Author
Listed:
- Alberto Maldonado-Romo
(Instituto Politécnico Nacional, Centro de Investigación en Computación, Av. Juan de Dios Bátiz S/N, Nueva Industrial Vallejo, Gustavo A. Madero, Mexico City 07738, Mexico
Quantum Open Source Foundation, Toronto, ON M5V 2L1, Canada)
- J. Yaljá Montiel-Pérez
(Instituto Politécnico Nacional, Centro de Investigación en Computación, Av. Juan de Dios Bátiz S/N, Nueva Industrial Vallejo, Gustavo A. Madero, Mexico City 07738, Mexico)
- Victor Onofre
(Quantum Open Source Foundation, Toronto, ON M5V 2L1, Canada)
- Javier Maldonado-Romo
(Institute of Advanced Materials for Sustainable Manufacturing, Tecnologico de Monterrey, Monterrey 64849, Mexico)

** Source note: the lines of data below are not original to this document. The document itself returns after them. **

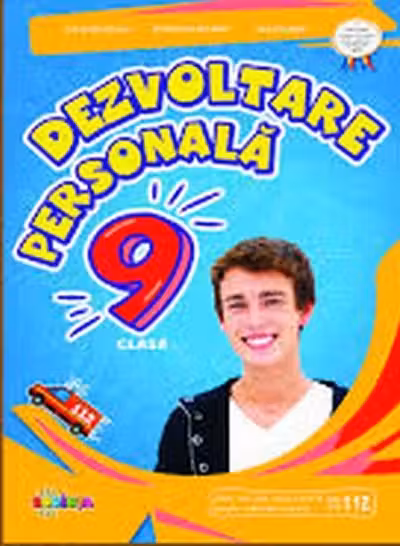 Dezvoltare personala - clasa a 9-a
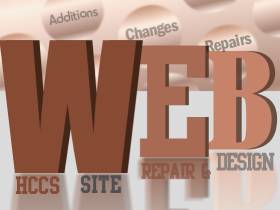 Website Design from Home Call Computer Services - Lincolnshire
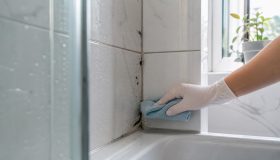 Banyodaki Küf Neden Oluşur ve Tekrar Etmesi Nasıl Önlenir?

- Juan Humberto Sossa-Azuela
(Instituto Politécnico Nacional, Centro de Investigación en Computación, Av. Juan de Dios Bátiz S/N, Nueva Industrial Vallejo, Gustavo A. Madero, Mexico City 07738, Mexico)
Abstract
This work introduces a quantum K-Nearest Neighbor (K-NN) classifier algorithm. The algorithm utilizes angle encoding through a Quantum Random Access Memory (QRAM) using n number of qubit addresses with O ( log ( n ) ) space complexity. It incorporates Grover’s algorithm and the quantum SWAP-Test to identify similar states and determine the nearest neighbors with high probability, achieving O m search complexity, where m is the qubit address. We implement a simulation of the algorithm using IBM’s Qiskit with GPU support, applying it to the Iris and MNIST datasets with two different angle encodings. The experiments employ multiple QRAM cell sizes (8, 16, 32, 64, 128) and perform ten trials per size. According to the performance, accuracy values in the Iris dataset range from 89.3 ± 5.78% to 94.0 ± 1.56%. The MNIST dataset’s mean binary accuracy values range from 79.45 ± 18.84% to 94.00 ± 2.11% for classes 0 and 1. Additionally, a comparison of the results of this proposed approach with different state-of-the-art versions of QK-NN and the classical K-NN using Scikit-learn. This method achieves a 96.4 ± 2.22% accuracy in the Iris dataset. Finally, this proposal contributes an experimental result to the state of the art for the MNIST dataset, achieving an accuracy of 96.55 ± 2.00%. This work presents a new implementation proposal for QK-NN and conducts multiple experiments that yield more robust results than previous implementations. Although our average performance approaches still need to surpass the classic results, an experimental increase in the size of QRAM or the amount of data to encode is not achieved due to limitations. However, our results show promising improvement when considering working with more feature numbers and accommodating more data in the QRAM.
Suggested Citation
Alberto Maldonado-Romo & J. Yaljá Montiel-Pérez & Victor Onofre & Javier Maldonado-Romo & Juan Humberto Sossa-Azuela, 2024.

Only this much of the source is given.